Exactly as written, reproduce all of the entries.

▶ **Items from a data source**:
■ ■ ■ ■ ■

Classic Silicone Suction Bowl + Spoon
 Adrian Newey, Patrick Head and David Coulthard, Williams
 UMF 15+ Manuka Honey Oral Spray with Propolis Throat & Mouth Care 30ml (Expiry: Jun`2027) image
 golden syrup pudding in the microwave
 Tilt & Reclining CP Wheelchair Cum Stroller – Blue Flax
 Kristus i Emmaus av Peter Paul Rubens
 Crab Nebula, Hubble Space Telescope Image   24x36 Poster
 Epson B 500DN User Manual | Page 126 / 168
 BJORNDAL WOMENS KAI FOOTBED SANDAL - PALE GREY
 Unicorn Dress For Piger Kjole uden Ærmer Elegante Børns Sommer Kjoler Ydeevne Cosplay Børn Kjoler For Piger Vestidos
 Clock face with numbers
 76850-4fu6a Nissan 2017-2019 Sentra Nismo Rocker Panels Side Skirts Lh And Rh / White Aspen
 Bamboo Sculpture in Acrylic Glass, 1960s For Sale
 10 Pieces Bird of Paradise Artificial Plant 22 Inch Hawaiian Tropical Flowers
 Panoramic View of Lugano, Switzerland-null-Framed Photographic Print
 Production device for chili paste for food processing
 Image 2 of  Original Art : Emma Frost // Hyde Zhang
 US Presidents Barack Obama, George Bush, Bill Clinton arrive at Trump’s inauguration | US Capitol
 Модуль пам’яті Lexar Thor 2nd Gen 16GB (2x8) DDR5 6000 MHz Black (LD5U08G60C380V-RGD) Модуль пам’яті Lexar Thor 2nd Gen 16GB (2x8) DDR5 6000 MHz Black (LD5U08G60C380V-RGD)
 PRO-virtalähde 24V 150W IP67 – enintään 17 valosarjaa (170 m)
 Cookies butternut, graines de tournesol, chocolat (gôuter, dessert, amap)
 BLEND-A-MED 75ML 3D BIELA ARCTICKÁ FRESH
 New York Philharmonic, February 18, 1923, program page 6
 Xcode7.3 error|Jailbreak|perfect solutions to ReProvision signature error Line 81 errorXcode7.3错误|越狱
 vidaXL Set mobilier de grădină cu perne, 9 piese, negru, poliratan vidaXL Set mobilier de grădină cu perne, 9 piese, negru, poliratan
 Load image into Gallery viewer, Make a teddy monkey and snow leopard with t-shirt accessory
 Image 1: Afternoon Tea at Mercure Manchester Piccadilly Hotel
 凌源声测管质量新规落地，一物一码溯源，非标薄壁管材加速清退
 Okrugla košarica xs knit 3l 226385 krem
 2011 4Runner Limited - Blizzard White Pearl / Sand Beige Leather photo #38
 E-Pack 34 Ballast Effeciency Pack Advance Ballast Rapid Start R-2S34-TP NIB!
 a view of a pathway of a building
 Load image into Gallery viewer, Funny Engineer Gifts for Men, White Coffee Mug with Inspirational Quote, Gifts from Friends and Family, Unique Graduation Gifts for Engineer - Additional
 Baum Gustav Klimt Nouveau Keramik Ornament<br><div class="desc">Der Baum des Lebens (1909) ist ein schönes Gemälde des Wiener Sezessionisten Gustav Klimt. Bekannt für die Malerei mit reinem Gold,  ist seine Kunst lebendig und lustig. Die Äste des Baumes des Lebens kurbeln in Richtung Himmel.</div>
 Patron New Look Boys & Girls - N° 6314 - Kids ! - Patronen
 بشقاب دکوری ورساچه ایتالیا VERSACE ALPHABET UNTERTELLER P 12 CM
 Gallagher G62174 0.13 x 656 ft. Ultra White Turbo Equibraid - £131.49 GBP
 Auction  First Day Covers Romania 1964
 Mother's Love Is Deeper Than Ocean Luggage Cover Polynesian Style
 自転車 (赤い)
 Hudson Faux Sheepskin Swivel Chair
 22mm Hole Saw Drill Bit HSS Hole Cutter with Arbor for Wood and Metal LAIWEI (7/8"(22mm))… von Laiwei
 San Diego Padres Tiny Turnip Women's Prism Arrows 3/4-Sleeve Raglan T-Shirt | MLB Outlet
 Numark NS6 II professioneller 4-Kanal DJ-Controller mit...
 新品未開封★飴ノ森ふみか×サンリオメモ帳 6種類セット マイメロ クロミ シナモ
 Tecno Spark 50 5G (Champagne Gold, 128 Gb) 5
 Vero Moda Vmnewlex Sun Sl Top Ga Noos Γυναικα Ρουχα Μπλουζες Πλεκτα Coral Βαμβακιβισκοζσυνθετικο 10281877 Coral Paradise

■ ■ ■ ■ ■

▶ **Answer to the exercise**:
Classic Silicone Suction Bowl + Spoon
 Adrian Newey, Patrick Head and David Coulthard, Williams
 UMF 15+ Manuka Honey Oral Spray with Propolis Throat & Mouth Care 30ml (Expiry: Jun`2027) image
 golden syrup pudding in the microwave
 Tilt & Reclining CP Wheelchair Cum Stroller – Blue Flax
 Kristus i Emmaus av Peter Paul Rubens
 Crab Nebula, Hubble Space Telescope Image   24x36 Poster
 Epson B 500DN User Manual | Page 126 / 168
 BJORNDAL WOMENS KAI FOOTBED SANDAL - PALE GREY
 Unicorn Dress For Piger Kjole uden Ærmer Elegante Børns Sommer Kjoler Ydeevne Cosplay Børn Kjoler For Piger Vestidos
 Clock face with numbers
 76850-4fu6a Nissan 2017-2019 Sentra Nismo Rocker Panels Side Skirts Lh And Rh / White Aspen
 Bamboo Sculpture in Acrylic Glass, 1960s For Sale
 10 Pieces Bird of Paradise Artificial Plant 22 Inch Hawaiian Tropical Flowers
 Panoramic View of Lugano, Switzerland-null-Framed Photographic Print
 Production device for chili paste for food processing
 Image 2 of  Original Art : Emma Frost // Hyde Zhang
 US Presidents Barack Obama, George Bush, Bill Clinton arrive at Trump’s inauguration | US Capitol
 Модуль пам’яті Lexar Thor 2nd Gen 16GB (2x8) DDR5 6000 MHz Black (LD5U08G60C380V-RGD) Модуль пам’яті Lexar Thor 2nd Gen 16GB (2x8) DDR5 6000 MHz Black (LD5U08G60C380V-RGD)
 PRO-virtalähde 24V 150W IP67 – enintään 17 valosarjaa (170 m)
 Cookies butternut, graines de tournesol, chocolat (gôuter, dessert, amap)
 BLEND-A-MED 75ML 3D BIELA ARCTICKÁ FRESH
 New York Philharmonic, February 18, 1923, program page 6
 Xcode7.3 error|Jailbreak|perfect solutions to ReProvision signature error Line 81 errorXcode7.3错误|越狱
 vidaXL Set mobilier de grădină cu perne, 9 piese, negru, poliratan vidaXL Set mobilier de grădină cu perne, 9 piese, negru, poliratan
 Load image into Gallery viewer, Make a teddy monkey and snow leopard with t-shirt accessory
 Image 1: Afternoon Tea at Mercure Manchester Piccadilly Hotel
 凌源声测管质量新规落地，一物一码溯源，非标薄壁管材加速清退
 Okrugla košarica xs knit 3l 226385 krem
 2011 4Runner Limited - Blizzard White Pearl / Sand Beige Leather photo #38
 E-Pack 34 Ballast Effeciency Pack Advance Ballast Rapid Start R-2S34-TP NIB!
 a view of a pathway of a building
 Load image into Gallery viewer, Funny Engineer Gifts for Men, White Coffee Mug with Inspirational Quote, Gifts from Friends and Family, Unique Graduation Gifts for Engineer - Additional
 Baum Gustav Klimt Nouveau Keramik Ornament<br><div class="desc">Der Baum des Lebens (1909) ist ein schönes Gemälde des Wiener Sezessionisten Gustav Klimt. Bekannt für die Malerei mit reinem Gold,  ist seine Kunst lebendig und lustig. Die Äste des Baumes des Lebens kurbeln in Richtung Himmel.</div>
 Patron New Look Boys & Girls - N° 6314 - Kids ! - Patronen
 بشقاب دکوری ورساچه ایتالیا VERSACE ALPHABET UNTERTELLER P 12 CM
 Gallagher G62174 0.13 x 656 ft. Ultra White Turbo Equibraid - £131.49 GBP
 Auction  First Day Covers Romania 1964
 Mother's Love Is Deeper Than Ocean Luggage Cover Polynesian Style
 自転車 (赤い)
 Hudson Faux Sheepskin Swivel Chair
 22mm Hole Saw Drill Bit HSS Hole Cutter with Arbor for Wood and Metal LAIWEI (7/8"(22mm))… von Laiwei
 San Diego Padres Tiny Turnip Women's Prism Arrows 3/4-Sleeve Raglan T-Shirt | MLB Outlet
 Numark NS6 II professioneller 4-Kanal DJ-Controller mit...
 新品未開封★飴ノ森ふみか×サンリオメモ帳 6種類セット マイメロ クロミ シナモ
 Tecno Spark 50 5G (Champagne Gold, 128 Gb) 5
 Vero Moda Vmnewlex Sun Sl Top Ga Noos Γυναικα Ρουχα Μπλουζες Πλεκτα Coral Βαμβακιβισκοζσυνθετικο 10281877 Coral Paradise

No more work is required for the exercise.